Records for processing>

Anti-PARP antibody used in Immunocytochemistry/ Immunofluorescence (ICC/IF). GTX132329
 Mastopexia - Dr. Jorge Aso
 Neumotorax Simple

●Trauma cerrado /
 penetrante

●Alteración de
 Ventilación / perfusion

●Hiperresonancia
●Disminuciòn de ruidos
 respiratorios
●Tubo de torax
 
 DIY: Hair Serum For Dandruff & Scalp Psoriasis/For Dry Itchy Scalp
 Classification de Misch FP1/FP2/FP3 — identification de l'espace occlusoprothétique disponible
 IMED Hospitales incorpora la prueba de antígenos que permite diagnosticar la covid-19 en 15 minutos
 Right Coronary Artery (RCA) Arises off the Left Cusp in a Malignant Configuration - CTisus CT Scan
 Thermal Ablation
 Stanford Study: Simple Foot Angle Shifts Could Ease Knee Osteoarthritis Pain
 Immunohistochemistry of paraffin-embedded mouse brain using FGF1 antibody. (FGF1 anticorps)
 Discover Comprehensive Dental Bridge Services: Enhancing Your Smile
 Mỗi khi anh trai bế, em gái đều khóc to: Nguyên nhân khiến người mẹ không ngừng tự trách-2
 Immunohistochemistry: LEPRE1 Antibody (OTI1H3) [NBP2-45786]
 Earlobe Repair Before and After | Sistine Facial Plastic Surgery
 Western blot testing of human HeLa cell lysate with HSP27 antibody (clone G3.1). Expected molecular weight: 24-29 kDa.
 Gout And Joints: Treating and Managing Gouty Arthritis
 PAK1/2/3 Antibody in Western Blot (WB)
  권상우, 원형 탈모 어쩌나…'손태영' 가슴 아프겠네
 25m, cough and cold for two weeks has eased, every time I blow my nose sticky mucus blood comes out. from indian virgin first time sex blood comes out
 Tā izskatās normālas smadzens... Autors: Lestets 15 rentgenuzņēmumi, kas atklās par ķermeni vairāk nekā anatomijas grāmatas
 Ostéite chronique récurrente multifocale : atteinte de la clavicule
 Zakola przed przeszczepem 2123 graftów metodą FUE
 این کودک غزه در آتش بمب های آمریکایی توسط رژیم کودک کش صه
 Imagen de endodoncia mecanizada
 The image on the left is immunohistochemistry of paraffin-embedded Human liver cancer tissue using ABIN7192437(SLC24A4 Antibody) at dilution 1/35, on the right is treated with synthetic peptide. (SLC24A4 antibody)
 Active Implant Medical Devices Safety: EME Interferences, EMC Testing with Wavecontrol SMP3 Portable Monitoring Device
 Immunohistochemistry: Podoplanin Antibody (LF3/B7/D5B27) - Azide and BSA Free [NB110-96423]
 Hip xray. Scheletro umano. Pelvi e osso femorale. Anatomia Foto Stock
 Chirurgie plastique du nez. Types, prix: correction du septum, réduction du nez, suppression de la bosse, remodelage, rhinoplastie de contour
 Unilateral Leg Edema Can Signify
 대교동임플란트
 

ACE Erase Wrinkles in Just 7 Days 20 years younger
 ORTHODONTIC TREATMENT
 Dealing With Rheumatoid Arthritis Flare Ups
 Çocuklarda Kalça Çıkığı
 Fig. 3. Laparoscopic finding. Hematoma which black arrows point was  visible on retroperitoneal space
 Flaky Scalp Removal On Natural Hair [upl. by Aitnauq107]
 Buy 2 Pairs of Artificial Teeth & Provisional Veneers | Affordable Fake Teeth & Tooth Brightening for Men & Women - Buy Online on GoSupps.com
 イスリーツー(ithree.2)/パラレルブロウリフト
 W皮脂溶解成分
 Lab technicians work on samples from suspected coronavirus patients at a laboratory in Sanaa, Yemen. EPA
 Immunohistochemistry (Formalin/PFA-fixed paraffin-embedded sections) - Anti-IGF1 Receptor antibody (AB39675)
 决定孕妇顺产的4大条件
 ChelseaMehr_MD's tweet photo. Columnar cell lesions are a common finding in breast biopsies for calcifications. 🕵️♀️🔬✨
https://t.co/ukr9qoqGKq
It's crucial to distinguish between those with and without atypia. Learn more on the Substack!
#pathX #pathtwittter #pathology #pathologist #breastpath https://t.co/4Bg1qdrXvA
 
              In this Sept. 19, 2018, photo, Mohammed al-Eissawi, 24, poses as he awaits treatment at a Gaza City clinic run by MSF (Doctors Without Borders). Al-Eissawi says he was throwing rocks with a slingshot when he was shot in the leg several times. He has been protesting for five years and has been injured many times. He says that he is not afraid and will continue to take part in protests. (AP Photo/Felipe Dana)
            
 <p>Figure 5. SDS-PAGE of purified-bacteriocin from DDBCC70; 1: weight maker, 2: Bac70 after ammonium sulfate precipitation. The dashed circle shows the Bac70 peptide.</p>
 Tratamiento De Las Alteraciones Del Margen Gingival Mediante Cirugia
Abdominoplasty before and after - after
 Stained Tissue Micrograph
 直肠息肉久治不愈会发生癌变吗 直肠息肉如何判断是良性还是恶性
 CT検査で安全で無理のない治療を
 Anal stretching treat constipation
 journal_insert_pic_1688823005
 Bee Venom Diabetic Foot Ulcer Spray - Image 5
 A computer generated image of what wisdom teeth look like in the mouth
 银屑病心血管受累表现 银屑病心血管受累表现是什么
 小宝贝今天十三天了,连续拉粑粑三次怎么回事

What the exercise asks> Only a number is expected: the count of lines in the data that contain the word "paraffin".

Solved problem> 3